It's a while since I posted anything, and that's good, because it means I've been busy working.
Writing. I have been busy, writing. A novel. Or, the effing novel, as I call it in moments of stress.
For how long? What's it about? Why am I still not finished? Horrible questions, but understandable, even when asking them of oneself.
Things keep interrupting the regularity of the actual writing, and as I don't own a snarling guard dog, don't employ a personal assistant or butler to snarl politely on my behalf, don't have the luxury of entirely shutting off the outside world while I sit in a white space being beautifully creative...
In fact, I was working on the novel up till the day I went on holiday/to visit my sister, at the end of May; but just before that I was asked to take part in something both interesting and personal, but also time consuming to help organise, so my brain and hands and keyboard have been sidetracked from novelling. Good and also not so good. Good if it works out, but not good for the concentration on the book. From my experience of it, novelling is like swimming the channel without a wet suit or a support ship; all contact beyond the fictional world is like having to drag yourself out into a boat in order to change costume and look presentable and hold a conversation and be 'normal', until you're released, and are able to dive back in again and try to rediscover your rhythm for the rest of the epic swim. Difficult.
Just what that interesting and personal thing is I'll reveal in due course (never talk about ongoing projects until the contract is signed, one of the pieces of advice my father always intoned, referring to acting work) but it relates to BBC radio and to family, and has necessitated digging through box files of archive material, much emailing and photocopying, and some degree of anxiety. Thus, whatever good my 'holiday' was supposed, in advance, to do me, it has not really worked as a rest-cure.

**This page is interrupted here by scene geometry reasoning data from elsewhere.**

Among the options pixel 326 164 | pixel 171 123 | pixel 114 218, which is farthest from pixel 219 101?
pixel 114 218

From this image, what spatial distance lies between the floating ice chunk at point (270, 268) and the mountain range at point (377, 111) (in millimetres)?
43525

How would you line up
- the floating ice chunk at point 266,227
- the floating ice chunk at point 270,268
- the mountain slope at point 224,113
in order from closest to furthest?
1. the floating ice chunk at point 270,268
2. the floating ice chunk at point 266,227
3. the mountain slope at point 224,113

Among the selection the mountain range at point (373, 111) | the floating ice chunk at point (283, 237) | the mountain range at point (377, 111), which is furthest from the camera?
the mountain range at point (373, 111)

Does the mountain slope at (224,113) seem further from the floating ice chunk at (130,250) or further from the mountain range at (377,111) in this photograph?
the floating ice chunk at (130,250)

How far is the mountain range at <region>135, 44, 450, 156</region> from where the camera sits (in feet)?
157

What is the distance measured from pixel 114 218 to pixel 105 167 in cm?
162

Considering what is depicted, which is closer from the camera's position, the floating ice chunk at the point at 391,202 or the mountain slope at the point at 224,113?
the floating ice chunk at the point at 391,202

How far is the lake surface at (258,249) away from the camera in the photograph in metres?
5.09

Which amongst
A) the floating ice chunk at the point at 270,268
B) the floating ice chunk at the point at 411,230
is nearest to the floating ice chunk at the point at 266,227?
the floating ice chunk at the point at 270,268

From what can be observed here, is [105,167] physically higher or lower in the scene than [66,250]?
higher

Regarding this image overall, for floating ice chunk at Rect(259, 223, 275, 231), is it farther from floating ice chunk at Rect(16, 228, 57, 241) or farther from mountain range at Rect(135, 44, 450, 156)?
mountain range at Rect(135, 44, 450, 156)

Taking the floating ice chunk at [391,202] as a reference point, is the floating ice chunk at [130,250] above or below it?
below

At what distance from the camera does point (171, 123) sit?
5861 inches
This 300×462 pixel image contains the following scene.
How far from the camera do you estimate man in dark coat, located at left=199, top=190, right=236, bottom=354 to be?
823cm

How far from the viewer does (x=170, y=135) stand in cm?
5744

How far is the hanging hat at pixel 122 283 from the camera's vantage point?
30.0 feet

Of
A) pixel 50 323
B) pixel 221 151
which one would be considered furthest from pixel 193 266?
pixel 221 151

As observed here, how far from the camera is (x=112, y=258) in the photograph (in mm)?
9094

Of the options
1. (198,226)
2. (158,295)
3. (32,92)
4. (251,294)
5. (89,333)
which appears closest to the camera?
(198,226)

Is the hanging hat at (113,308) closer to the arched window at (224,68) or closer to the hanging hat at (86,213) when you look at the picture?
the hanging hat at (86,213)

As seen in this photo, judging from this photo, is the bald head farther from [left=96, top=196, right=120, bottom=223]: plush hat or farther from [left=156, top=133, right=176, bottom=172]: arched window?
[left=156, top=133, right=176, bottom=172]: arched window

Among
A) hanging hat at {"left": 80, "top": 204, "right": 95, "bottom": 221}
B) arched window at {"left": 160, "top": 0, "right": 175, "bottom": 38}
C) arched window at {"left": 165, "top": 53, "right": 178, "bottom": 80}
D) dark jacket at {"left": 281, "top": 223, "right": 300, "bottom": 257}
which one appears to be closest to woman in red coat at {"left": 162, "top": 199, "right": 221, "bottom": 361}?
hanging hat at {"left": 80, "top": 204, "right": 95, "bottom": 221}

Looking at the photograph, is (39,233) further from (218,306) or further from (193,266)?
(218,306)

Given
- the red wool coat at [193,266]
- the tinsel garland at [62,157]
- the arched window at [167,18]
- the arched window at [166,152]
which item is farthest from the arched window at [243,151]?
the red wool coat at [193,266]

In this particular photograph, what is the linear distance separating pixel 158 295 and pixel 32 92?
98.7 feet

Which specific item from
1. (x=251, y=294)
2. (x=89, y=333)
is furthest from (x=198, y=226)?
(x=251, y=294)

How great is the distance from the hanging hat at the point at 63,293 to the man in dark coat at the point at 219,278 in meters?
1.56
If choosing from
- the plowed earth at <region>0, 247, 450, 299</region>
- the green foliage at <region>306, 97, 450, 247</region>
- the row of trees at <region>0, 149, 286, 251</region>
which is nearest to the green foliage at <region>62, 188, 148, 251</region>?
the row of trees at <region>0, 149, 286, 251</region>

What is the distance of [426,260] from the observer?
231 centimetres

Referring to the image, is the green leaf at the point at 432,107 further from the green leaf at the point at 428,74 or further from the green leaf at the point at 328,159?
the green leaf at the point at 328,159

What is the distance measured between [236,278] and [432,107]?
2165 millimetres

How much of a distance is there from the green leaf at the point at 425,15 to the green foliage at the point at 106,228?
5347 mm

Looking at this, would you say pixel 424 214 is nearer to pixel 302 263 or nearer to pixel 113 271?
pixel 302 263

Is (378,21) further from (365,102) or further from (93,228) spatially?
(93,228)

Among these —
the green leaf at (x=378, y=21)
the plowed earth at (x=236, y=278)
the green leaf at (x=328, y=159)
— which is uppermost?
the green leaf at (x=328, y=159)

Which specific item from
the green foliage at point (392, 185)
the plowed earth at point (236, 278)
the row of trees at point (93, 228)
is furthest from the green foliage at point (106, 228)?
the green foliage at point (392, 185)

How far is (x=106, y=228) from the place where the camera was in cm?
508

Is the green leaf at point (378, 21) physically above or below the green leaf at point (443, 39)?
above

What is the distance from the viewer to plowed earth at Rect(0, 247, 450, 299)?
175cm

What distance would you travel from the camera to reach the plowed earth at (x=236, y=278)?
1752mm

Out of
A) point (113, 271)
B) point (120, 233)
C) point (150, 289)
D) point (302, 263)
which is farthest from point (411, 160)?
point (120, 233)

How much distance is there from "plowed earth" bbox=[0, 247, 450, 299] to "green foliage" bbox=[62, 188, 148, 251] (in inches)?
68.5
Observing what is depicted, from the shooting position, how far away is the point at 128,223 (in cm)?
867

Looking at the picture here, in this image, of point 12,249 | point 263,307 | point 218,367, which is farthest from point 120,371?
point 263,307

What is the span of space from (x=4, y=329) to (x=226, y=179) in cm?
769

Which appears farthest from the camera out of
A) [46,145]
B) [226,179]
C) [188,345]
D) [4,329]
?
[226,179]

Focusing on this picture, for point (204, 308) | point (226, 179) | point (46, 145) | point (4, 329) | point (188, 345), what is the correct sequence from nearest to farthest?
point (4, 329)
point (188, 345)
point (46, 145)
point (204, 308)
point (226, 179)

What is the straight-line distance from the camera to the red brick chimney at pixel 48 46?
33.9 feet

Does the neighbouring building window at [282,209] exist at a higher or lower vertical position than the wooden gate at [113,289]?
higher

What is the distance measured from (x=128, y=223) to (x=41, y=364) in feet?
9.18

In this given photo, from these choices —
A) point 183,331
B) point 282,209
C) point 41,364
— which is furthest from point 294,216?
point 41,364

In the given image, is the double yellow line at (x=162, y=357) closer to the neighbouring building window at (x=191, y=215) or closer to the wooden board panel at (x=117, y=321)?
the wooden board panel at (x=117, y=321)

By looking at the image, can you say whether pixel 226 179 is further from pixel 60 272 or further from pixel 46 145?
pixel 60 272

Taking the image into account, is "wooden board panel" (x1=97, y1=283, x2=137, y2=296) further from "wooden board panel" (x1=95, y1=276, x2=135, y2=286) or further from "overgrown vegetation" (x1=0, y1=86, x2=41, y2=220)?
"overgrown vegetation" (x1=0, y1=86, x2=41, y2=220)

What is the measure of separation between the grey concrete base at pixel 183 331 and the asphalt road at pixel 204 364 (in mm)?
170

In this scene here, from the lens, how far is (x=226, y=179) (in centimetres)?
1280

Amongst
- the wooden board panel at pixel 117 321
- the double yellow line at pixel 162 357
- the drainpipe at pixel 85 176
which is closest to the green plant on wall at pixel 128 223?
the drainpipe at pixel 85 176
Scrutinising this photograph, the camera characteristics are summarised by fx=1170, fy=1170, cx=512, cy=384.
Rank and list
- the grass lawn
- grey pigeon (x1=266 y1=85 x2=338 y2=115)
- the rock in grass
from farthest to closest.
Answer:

Perhaps I don't do holidays very well. If I looked back over each attempt I'd probably find that in most of them I was either ill or with the wrong person at the wrong time in the wrong place, except for the childhood memories of sunshiney days spend on windy Scottish beaches (I've almost forgotten the negative aspects of those, the midges, the clegs, the rain, the serious indignation at the chill of the ocean when I dared to dip a toe into it).

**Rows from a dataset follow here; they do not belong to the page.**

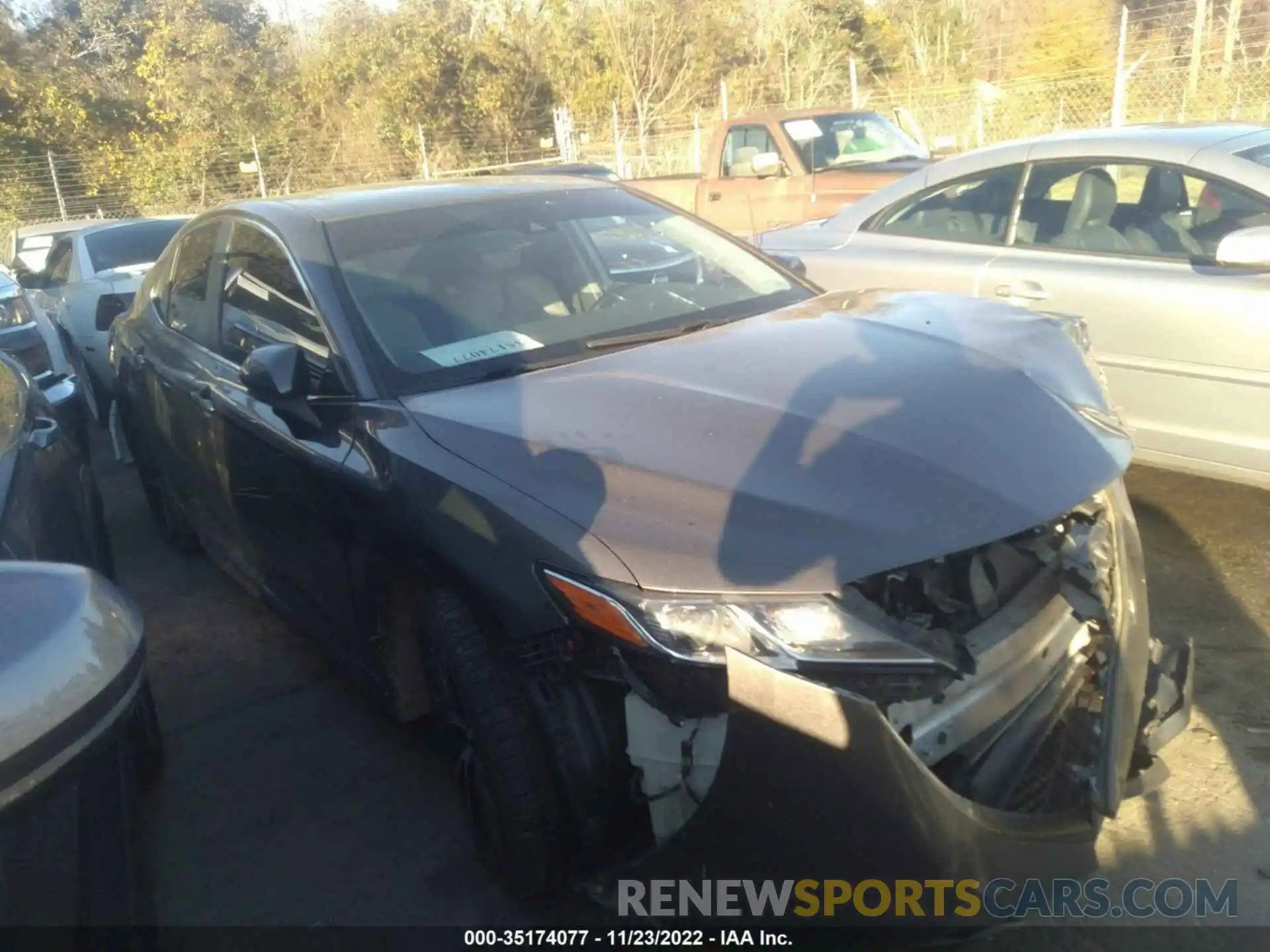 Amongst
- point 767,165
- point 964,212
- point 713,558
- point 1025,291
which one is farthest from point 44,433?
point 767,165

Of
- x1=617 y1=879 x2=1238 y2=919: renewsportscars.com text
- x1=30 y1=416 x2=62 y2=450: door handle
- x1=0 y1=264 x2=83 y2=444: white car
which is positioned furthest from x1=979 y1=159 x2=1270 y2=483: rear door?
x1=0 y1=264 x2=83 y2=444: white car

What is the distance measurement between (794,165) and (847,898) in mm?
9097

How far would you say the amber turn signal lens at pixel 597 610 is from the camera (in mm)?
2070

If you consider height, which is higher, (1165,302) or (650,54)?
(650,54)

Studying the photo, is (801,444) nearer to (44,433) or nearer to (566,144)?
(44,433)

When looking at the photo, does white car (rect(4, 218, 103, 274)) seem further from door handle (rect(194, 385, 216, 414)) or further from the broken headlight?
the broken headlight

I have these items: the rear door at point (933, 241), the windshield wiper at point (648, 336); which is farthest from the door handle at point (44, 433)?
the rear door at point (933, 241)

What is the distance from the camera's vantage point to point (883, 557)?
202 cm

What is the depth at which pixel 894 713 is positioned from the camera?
2.06m

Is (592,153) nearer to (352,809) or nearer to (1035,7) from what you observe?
(1035,7)

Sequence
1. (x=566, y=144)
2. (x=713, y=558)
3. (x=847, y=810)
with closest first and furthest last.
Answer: (x=847, y=810), (x=713, y=558), (x=566, y=144)

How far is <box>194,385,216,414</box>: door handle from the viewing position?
388 cm

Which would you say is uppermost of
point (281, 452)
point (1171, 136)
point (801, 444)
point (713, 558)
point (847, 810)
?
point (1171, 136)

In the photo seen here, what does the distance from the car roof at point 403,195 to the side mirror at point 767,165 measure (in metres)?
6.31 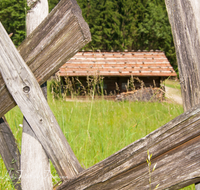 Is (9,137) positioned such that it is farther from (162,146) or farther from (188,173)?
(188,173)

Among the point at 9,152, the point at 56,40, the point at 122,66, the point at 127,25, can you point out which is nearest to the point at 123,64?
the point at 122,66

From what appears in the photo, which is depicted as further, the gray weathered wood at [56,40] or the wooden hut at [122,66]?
the wooden hut at [122,66]

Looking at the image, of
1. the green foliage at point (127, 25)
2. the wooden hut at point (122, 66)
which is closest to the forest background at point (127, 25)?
the green foliage at point (127, 25)

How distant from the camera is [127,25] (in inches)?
1246

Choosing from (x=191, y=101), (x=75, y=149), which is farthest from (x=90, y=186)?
(x=75, y=149)

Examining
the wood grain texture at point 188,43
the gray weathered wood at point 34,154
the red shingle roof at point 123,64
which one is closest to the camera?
the wood grain texture at point 188,43

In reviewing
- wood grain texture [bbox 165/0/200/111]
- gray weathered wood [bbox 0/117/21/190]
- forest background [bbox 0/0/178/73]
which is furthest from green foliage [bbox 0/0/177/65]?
wood grain texture [bbox 165/0/200/111]

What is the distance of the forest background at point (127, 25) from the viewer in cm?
3044

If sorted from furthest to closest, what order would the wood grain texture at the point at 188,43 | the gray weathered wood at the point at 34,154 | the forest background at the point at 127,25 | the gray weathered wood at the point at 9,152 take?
the forest background at the point at 127,25 → the gray weathered wood at the point at 9,152 → the gray weathered wood at the point at 34,154 → the wood grain texture at the point at 188,43

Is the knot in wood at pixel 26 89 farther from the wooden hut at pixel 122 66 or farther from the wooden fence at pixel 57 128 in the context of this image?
the wooden hut at pixel 122 66

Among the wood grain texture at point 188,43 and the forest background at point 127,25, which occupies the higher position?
the forest background at point 127,25

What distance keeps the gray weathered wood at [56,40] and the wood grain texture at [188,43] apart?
43 centimetres

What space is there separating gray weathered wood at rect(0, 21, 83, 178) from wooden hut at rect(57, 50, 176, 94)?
1120 centimetres

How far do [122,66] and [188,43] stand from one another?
524 inches
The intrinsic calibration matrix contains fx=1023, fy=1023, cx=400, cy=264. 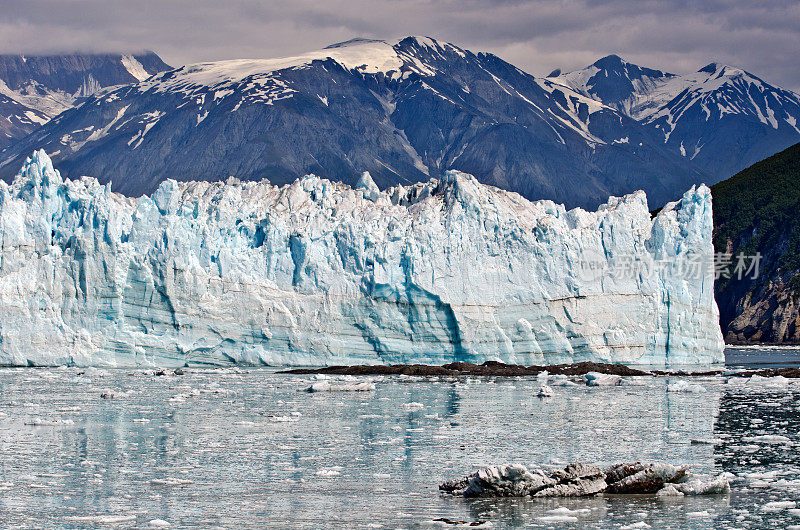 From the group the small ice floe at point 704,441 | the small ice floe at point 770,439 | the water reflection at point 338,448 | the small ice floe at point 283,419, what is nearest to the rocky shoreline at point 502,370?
the water reflection at point 338,448

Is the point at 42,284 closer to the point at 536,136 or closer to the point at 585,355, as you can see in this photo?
the point at 585,355

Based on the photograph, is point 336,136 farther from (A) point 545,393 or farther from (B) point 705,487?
(B) point 705,487

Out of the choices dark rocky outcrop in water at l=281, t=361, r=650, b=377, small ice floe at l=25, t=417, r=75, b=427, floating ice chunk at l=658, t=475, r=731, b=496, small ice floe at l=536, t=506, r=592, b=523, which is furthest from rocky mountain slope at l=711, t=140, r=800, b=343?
small ice floe at l=536, t=506, r=592, b=523

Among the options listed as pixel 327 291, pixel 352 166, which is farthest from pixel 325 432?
pixel 352 166

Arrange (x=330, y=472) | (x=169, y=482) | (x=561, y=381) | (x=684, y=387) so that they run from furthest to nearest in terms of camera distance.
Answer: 1. (x=561, y=381)
2. (x=684, y=387)
3. (x=330, y=472)
4. (x=169, y=482)

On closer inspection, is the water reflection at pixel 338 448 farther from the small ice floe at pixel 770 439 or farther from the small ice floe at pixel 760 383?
the small ice floe at pixel 760 383

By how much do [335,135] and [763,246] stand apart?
8560 centimetres

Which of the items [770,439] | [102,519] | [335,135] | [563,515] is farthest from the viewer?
[335,135]

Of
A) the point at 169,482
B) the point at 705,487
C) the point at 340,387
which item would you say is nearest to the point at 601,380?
the point at 340,387

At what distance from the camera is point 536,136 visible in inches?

It would be fair to say that, at this point, my idea of leisure is to have someone else cook (or nudge delicious morsels of food in my direction at appropriate intervals) while I lie around thinking with my eyes closed, or reading books, and every so often raise my head to observe the sun or a passing bird or to wander around aimlessly until I spy a curious trinket in a junk shop or meet a friendly cat. Sometimes I'm energetic enough to look at an ancient monument, or float in a pool, too. Sometimes.
The fact is that, while a work is 'in progress' - unfinished - anything holiday-shaped is merely a postponement of the finishing, and one can only do so much displacement activity before that project returns to demand one's mental attention. Somebody said a writer's life is like always having homework, and the more I write, the more I find ideas stacking up around me waiting for time and attention - so yes, there's the rub.
Nevertheless, I have evidence of my having been on holiday, in the shape of this photo. Those are my sister's plants. I have sat in that chair. I hope to sit in it again, but probably not until I have finished my very long swim and can write The End, with some dizzying mixture of relief and joy. (Hmm. Is the end really ever The End??)